• Data provided:

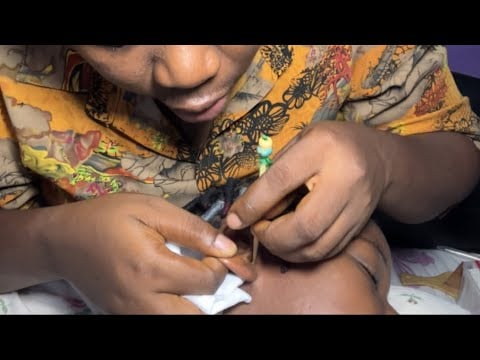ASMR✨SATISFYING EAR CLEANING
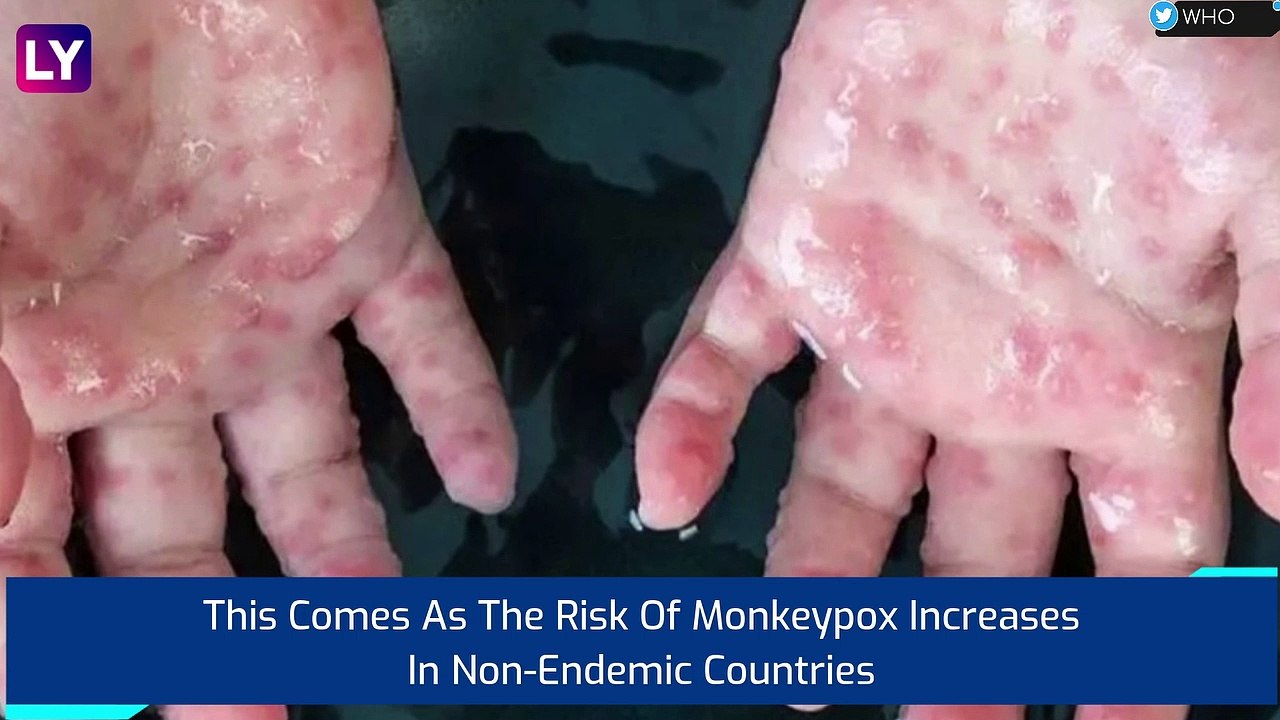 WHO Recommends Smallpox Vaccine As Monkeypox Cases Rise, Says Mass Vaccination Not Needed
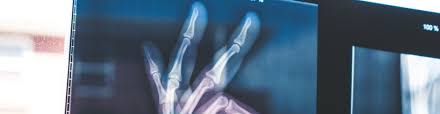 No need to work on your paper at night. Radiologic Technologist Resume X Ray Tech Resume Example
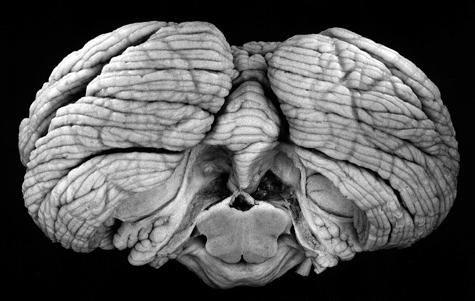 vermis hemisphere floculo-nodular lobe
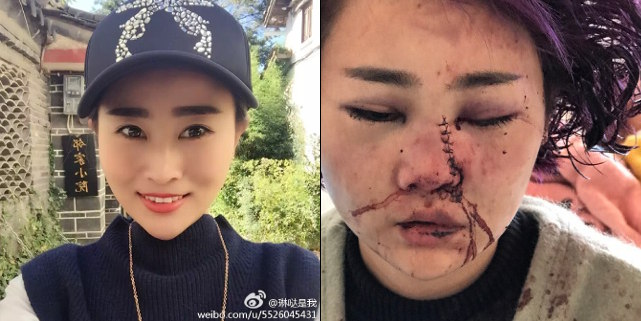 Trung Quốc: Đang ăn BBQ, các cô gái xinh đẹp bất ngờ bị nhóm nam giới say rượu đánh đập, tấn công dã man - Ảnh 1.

• Instructions for the task: Reproduce all of the records above exactly, but exclude the pictures.

• Task solution:
ASMR✨SATISFYING EAR CLEANING
 WHO Recommends Smallpox Vaccine As Monkeypox Cases Rise, Says Mass Vaccination Not Needed
 No need to work on your paper at night. Radiologic Technologist Resume X Ray Tech Resume Example
 vermis hemisphere floculo-nodular lobe
 Trung Quốc: Đang ăn BBQ, các cô gái xinh đẹp bất ngờ bị nhóm nam giới say rượu đánh đập, tấn công dã man - Ảnh 1.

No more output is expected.